- **Task description**:
Would you repeat the listing below exactly, with no pictures in it?

- **Available data**:

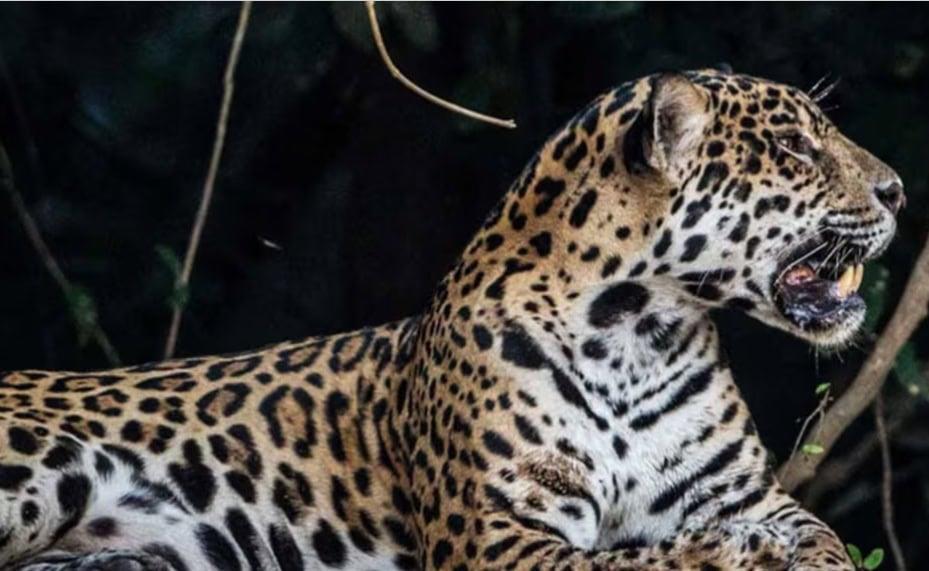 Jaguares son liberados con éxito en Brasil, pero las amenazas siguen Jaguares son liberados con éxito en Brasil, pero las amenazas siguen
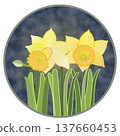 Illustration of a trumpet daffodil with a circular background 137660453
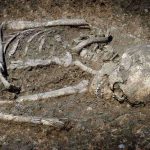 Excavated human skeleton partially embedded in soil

- **Output of the task**:
 Jaguares son liberados con éxito en Brasil, pero las amenazas siguen Jaguares son liberados con éxito en Brasil, pero las amenazas siguen
 Illustration of a trumpet daffodil with a circular background 137660453
 Excavated human skeleton partially embedded in soil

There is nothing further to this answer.